La represión ya no se anuncia con tanquetas. Ahora llega con hashtags, órdenes fiscales opacas y una retórica que transforma víctimas en saboteadores. Pero el eco de los años 80 sigue ahí, agazapado, recordándonos que cada vez que se cerraron los caminos de la legalidad, la historia abrió caminos de tragedia.

Qué nos queda, dirás. Atención pueblo, mucha atención:

Solo queda apelar y no por convicción, sino por falta de alternativas— al único centro de poder real. Sí, a ese personaje omnisciente que presume saber dónde se esconde hasta el último balón sucio en cualquier rincón del aparato estatal. Un superadministrador todopoderoso, con mirada de láser y manos en cada engranaje de la república. Lo paradójico es que, mientras él dice saberlo todo, el ciudadano común apenas está entendiendo el guion de la película de terror en la que fue incluido sin aviso.

Porque el libreto ha sido hábilmente construido: tiene villanos previsibles (los que reclaman), héroes encartonados (los que obedecen) y un espectador atónito que, sin saberlo, ya está atrapado en la trama. Pero esto no es Netflix. No hay botón de “saltar episodio”. No se puede cambiar de canal.

Es momento de quitarse la venda, no como acto simbólico, sino como reacción urgente a un sistema que ya no oculta su desprecio por el disenso y por los que lo hacen. De abrir los ojos, aunque escueza la luz. De afinar el oído, no para repetir el discurso oficial, sino para captar los latidos del país real: ese que grita en la calle, que tiembla en las comunidades desalojadas, que resiste en los barrios donde aún se recuerda que gobernar no es arrasar.

Hay silencios que suenan a advertencia. Y hay momentos históricos en los que callar es colaborar. Este es uno de ellos.

Reflexión final:

En un país donde protestar es un delito, se criminaliza la protesta y la denuncia social, en donde solo te permiten obedecer como una virtud permitida, la verdadera insurrección será recordar que tenemos derecho a decir basta. Aunque no nos dejen gritarlo.

Hay una línea invisible que un gobierno no debe cruzar: aquella que convierte al ciudadano en enemigo. Esa frontera, tan intangible como sagrada, delimita el ejercicio legítimo del poder ante lo totalitario. En esta tierra donde las cicatrices de la guerra aún no terminan de cerrar, aunque se maquillen con slogans, se editen u oculten de los libros de texto, pretender que se puede borrar el pasado como si fuera una cuenta de Twitter no solo es cínico, es temerario. Porque hay memorias que siempre duermen con un ojo abierto.

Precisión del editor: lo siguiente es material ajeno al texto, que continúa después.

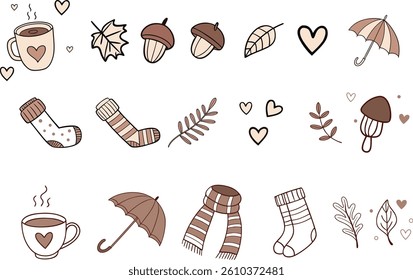 This charming collection of hand-drawn autumn doodles is the perfect blend of cozy and cute! 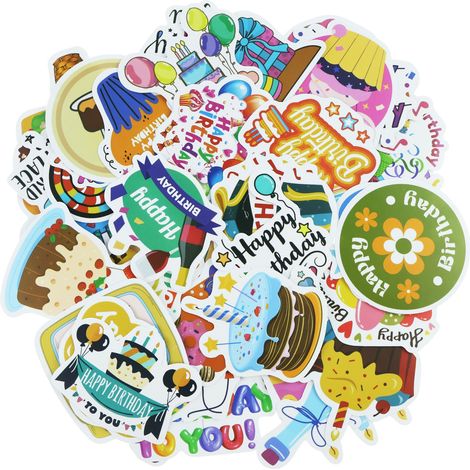 50 Autocollants, vinyle imperméable, motifs anniversaire, pour albums photo, cartes et décorations de fête (1/5)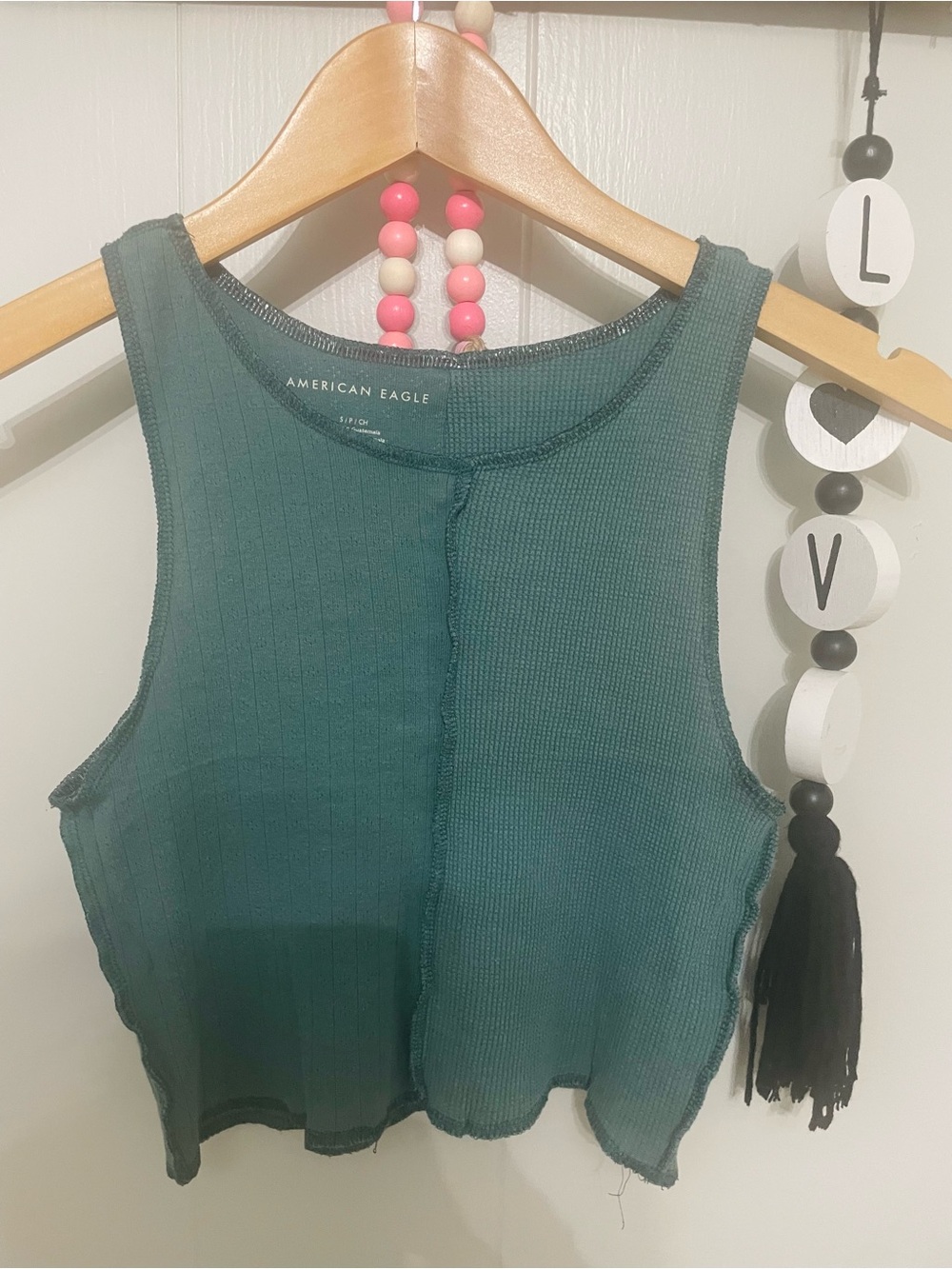 American Eagle Outfitters Forest Green Ribbed cropped Tank Top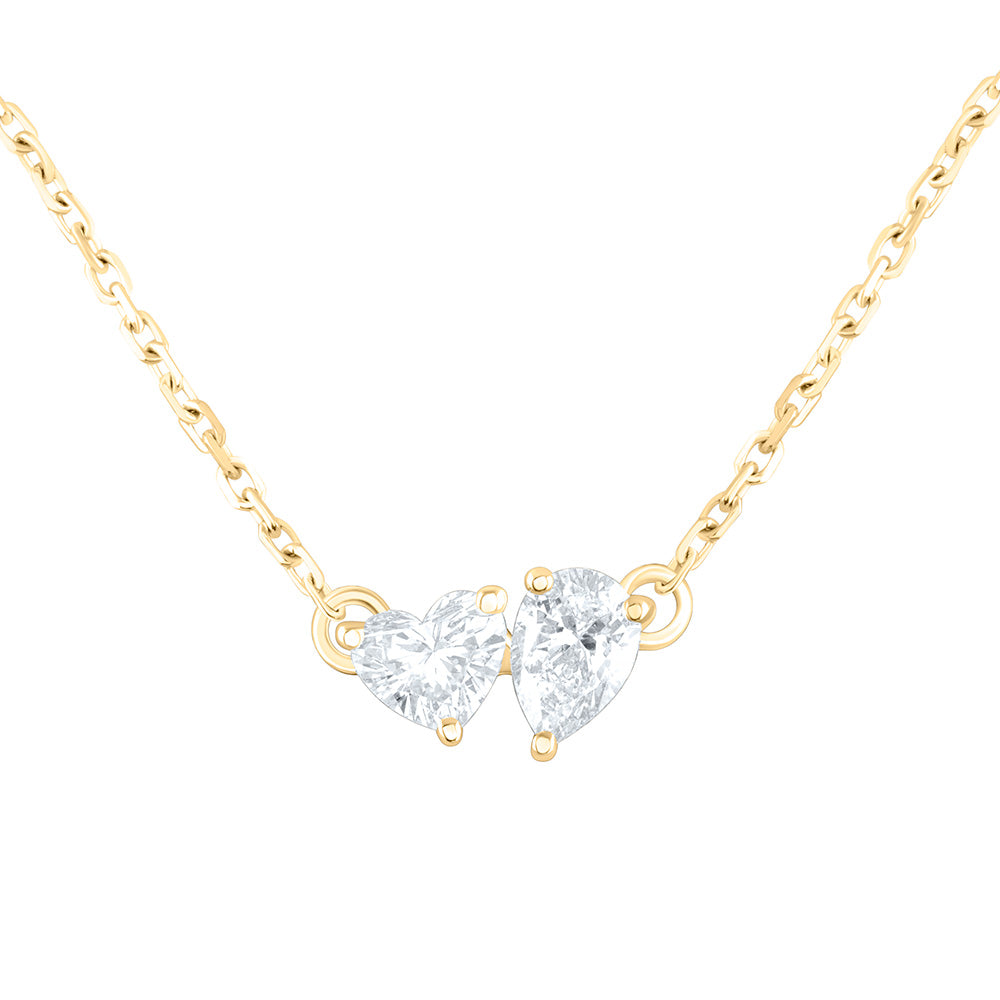 14K Yellow Or White Gold 1/2Cttw Natural Diamond I1-Ij 1/4Ct-Cht, 1/4Ct Center Pear Shape, 2 Stone Necklace (18 Inch)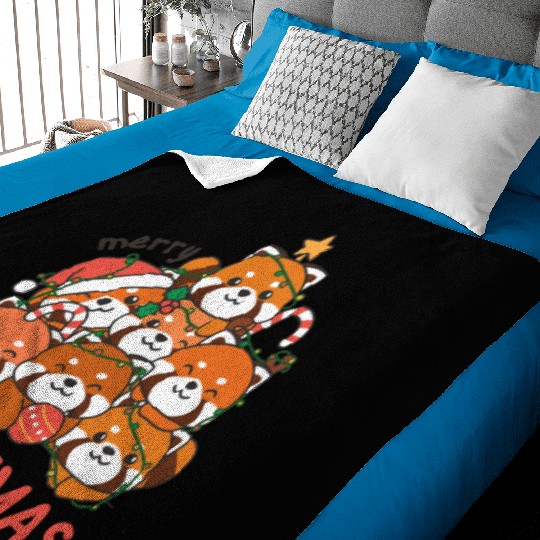 Red Panda Christmas Tree Merry Christmas Baby Blankets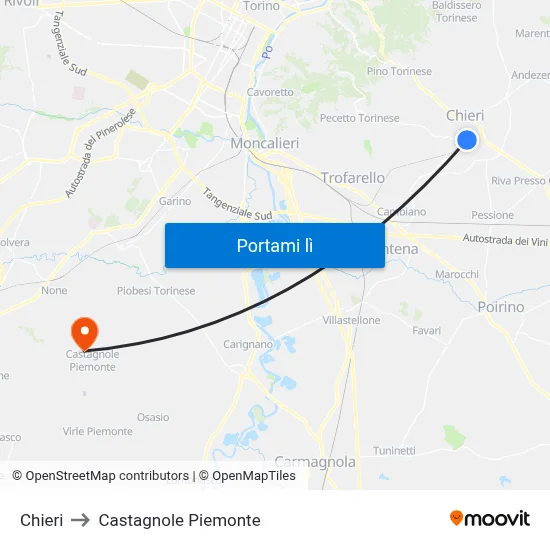 Chieri to Castagnole Piemonte map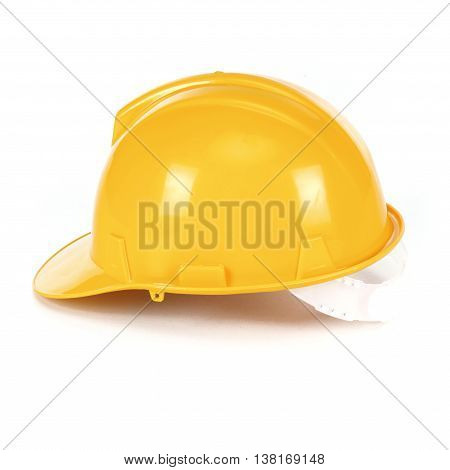 Safety yellow helmet isolated on white background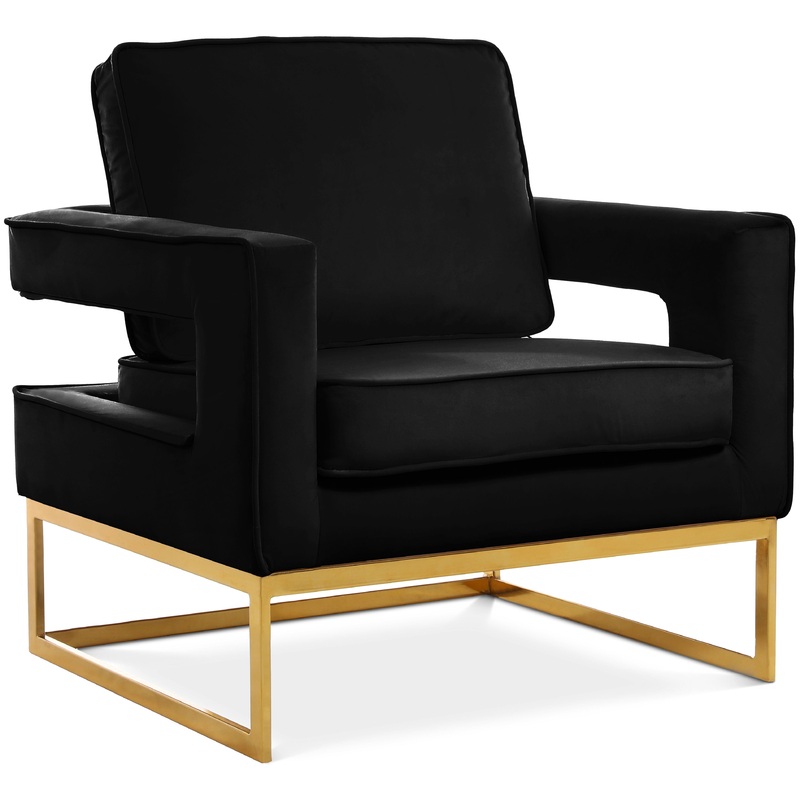 Noah – Accent Chair with Gold Legs Dark Gray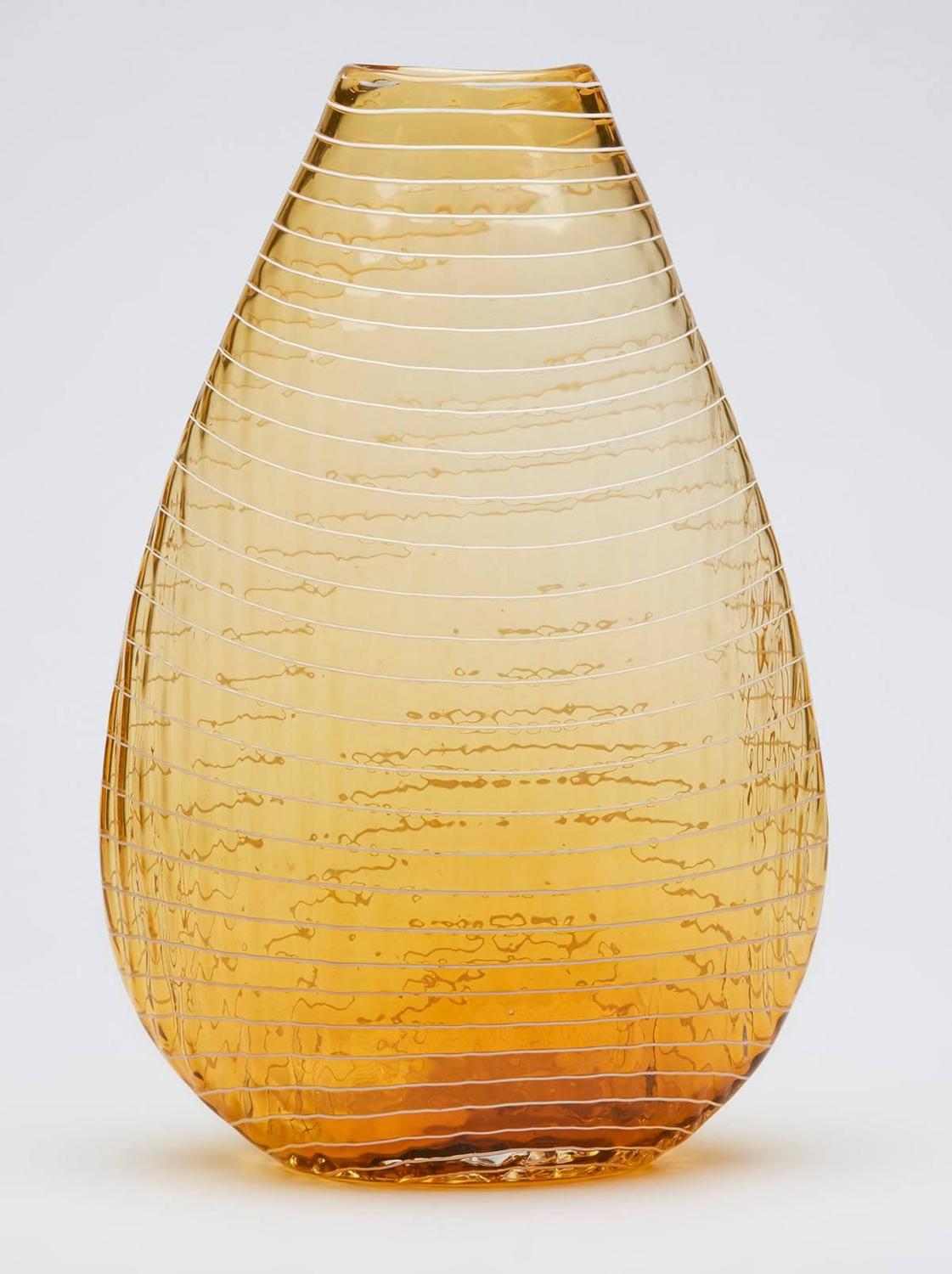 Vintage Italian Amber White Trailed Art Glass Vase, circa 1960 at 1stdibs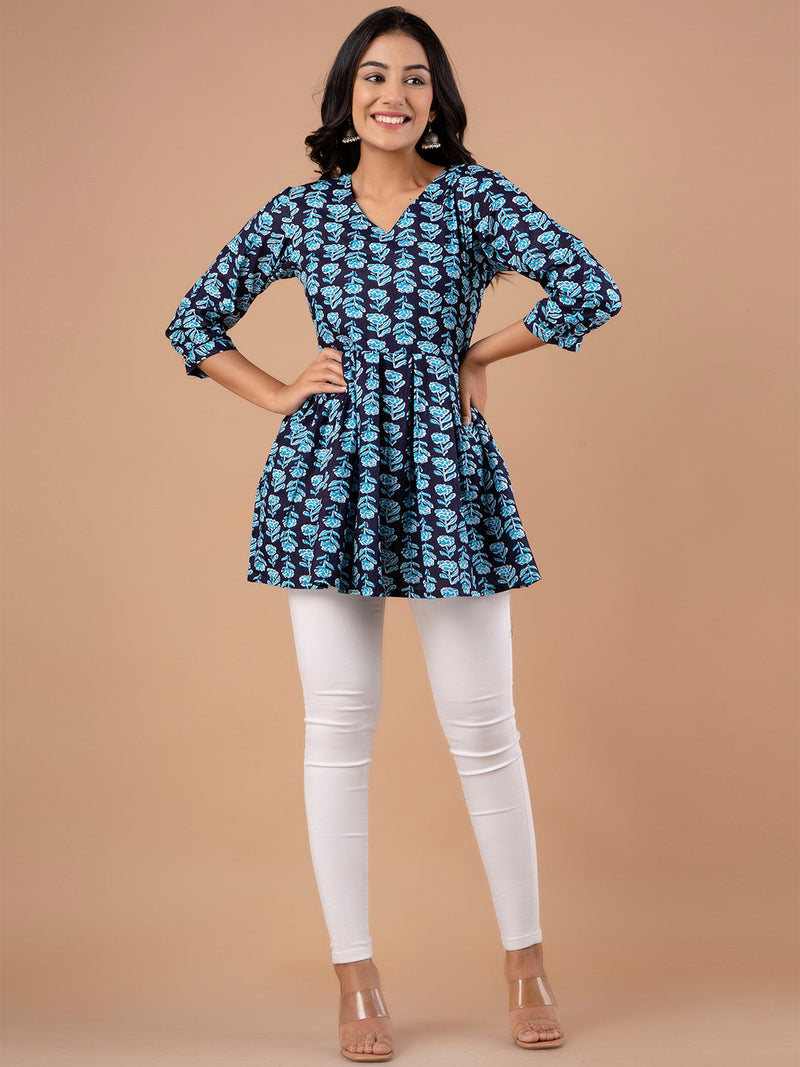 Printed Cotton Blue Peplum Tunic
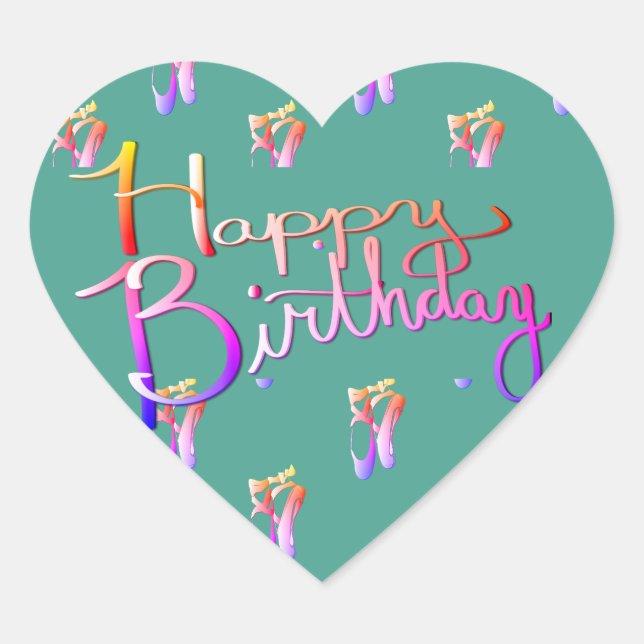 Sticker Cœur "Joyeux anniversaire !" Écrit à la main avec des c (Devant)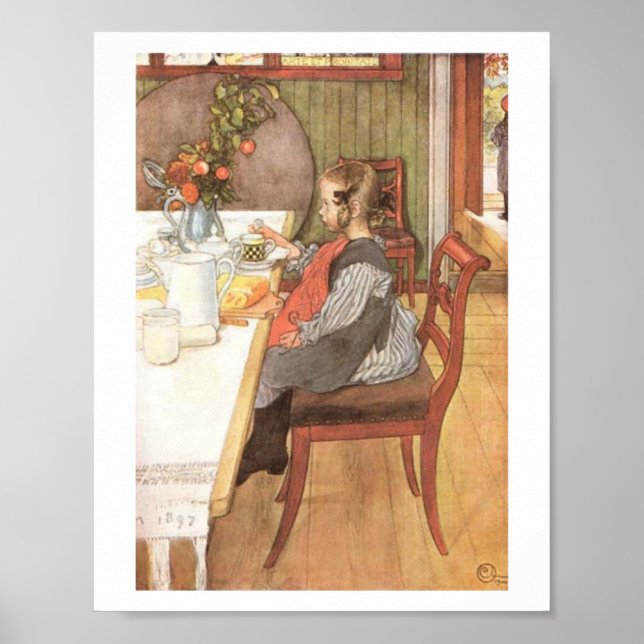 Carl Larsson A Late Riser's Miserable Breakfast Poster (Vorne)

Y cuando la gente no tiene a dónde ir, cuando las instituciones no funcionan, cuando todo reclamo es sospechoso y toda protesta, subversión, lo que queda es una olla de presión. Porque hasta la mejor tubería de acero revienta cuando no hay válvulas de escape.

Pero esto no parece incomodar a los entusiastas del autoritarismo cool: esos que celebran cada golpe al disenso con banderas pixeladas y emojis patrióticos, como si aplaudir el garrote desde el sofá los hiciera más patriotas. Aunque les cueste aceptarlo, el poder absoluto no premia la fidelidad: la devora. Que se lo pregunten a los buseros que ayer eran aliados del sistema y hoy son parias desplazados; o a los empresarios y funcionarios cercanos de medio pelo que aplaudían con fervor hasta que los dejaron fuera del reparto y los extinguieron de los caminos.

El poder absoluto es un boomerang. Hoy te protege. Mañana persigue. Nadie sobrevive indemne al fuego que eleva caudillos y cultiva dictadores. Quien cree que el monstruo solo se come a los otros, es ser iluso, pon tu barba en remojo, pues podés ser el próximo porque esa hambre arrasadora es insaciable.

Estimada ciudadanía te pedimos que observes, cuestiona, y acompaña. No te conformes con la versión oficial. El silencio es cómodo, pero nunca es inocente. Elige de qué lado de la historia quieres estar.